The specifics depend on the project, from anything as narrow as “can this guy draw good robots and humans?” for a Transformers book to just weighing if a writer’s vision for a title either matches the way I see it or just takes the book in an interesting direction.

But really, two of the biggest things I look for at all levels is “can this person meet a regular deadline?” and “Is this person pleasant to work with?” You’d be amazed how many people have sustained long careers in comics simply by hitting those two marks. Being good helps, sure, but if you’re good and unreliable, you’re not likely to keep getting calls every month. Monthly comics can be oppressive for creators and editors alike, so if you’re doing your part to make that non-stop schedule more pleasant, you’re probably someone I want to keep working with.


You said in an interview ( that ‘pacing is really tricky in comics.’ What do you think are some common pacing pitfalls comic book writers fall into and how can these pitfalls be sidestepped?
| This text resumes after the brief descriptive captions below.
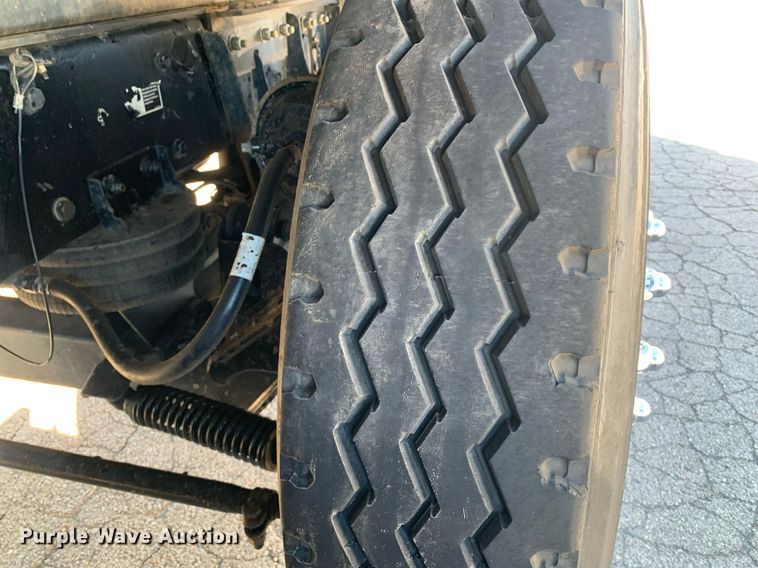 image for item DM7732 2016 Kenworth T880 dump truck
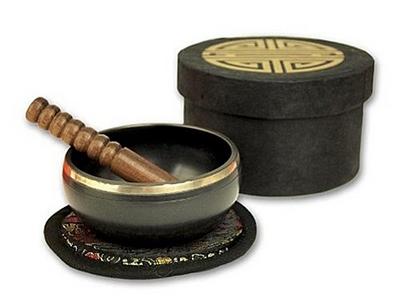 Kleine schwarze Klangschalen in schwarzer, runder Box mit Longevity-Aufdruck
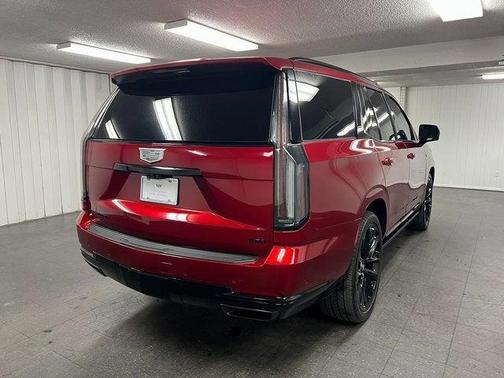 2025 Cadillac Escalade Sport Platinum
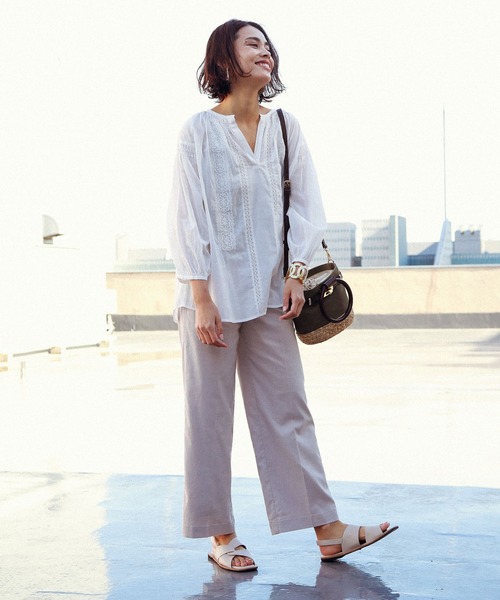 BAYFLOW(ベイフロー)の「リネンストレッチワイドパンツ(その他パンツ・レディース・ベージュ/ネイビー/カーキ/ナチュラル・SMALL/MEDIUM/LARGE)」の6枚目の写真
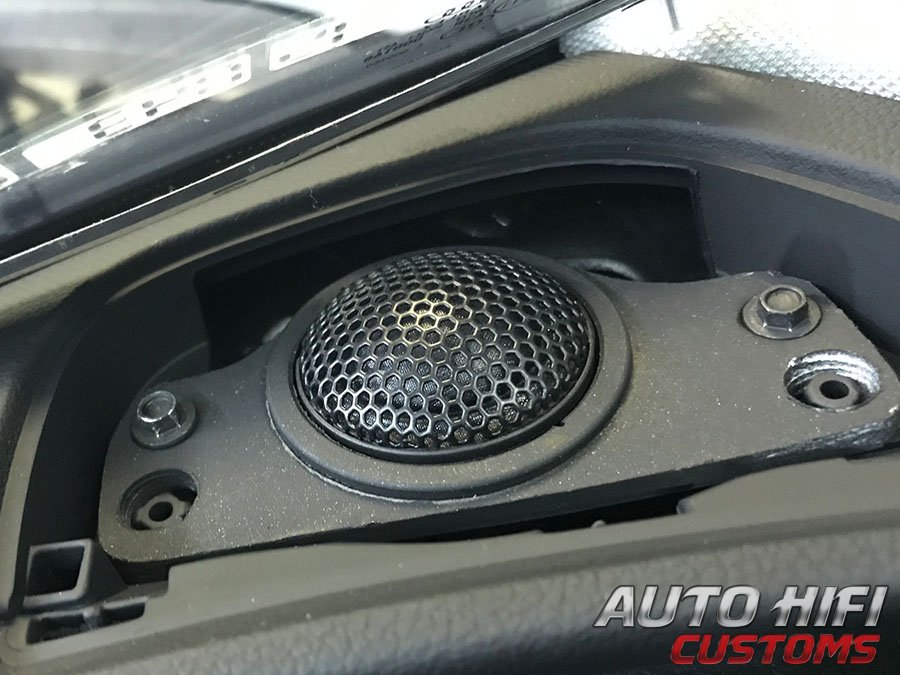Установка акустики Eton POW 200.2 Compression в Audi A6 (C7)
Once you’ve done it for a while, you tend to get a feel for what a comic script needs to be effective. So many of the problems I see, whether pacing issues or clunky dialogue, are things that new writers can keep working to get past them. It all comes down to giving the reader a reason to turn the page, to want to come back each month. A more micro view is, is the writer leaving the artist room to communicate all the needed visuals and dialogue? Does the story make sense, does the dialogue feel right for the characters, does the action flow in a logical manner and is it all easy to follow? Too much dialogue and over-writing scripts is often something I see from new writers, but that’s an easy thing to work on and get more comfortable with as you go along.


Are there any projects you are currently working on?

There are — I wrote two of the five “Mars Attacks IDW” issues for a special 5-week January event we’re doing. I wrote Mars Attacks Kiss as a complete nod to the 1977 Kiss Super Special that Marvel did, and I also wrote the Mars Attacks Zombies vs Robots issue that ends the event. Beyond that, December sees the launch of The Hollows, a 4-issue miniseries I created with artist Sam Kieth. And in the spring, I’m doing a new series called The Colonized with artist Drew Moss. That one features covers by Cerebus creator Dave Sim, which is immensely thrilling to me.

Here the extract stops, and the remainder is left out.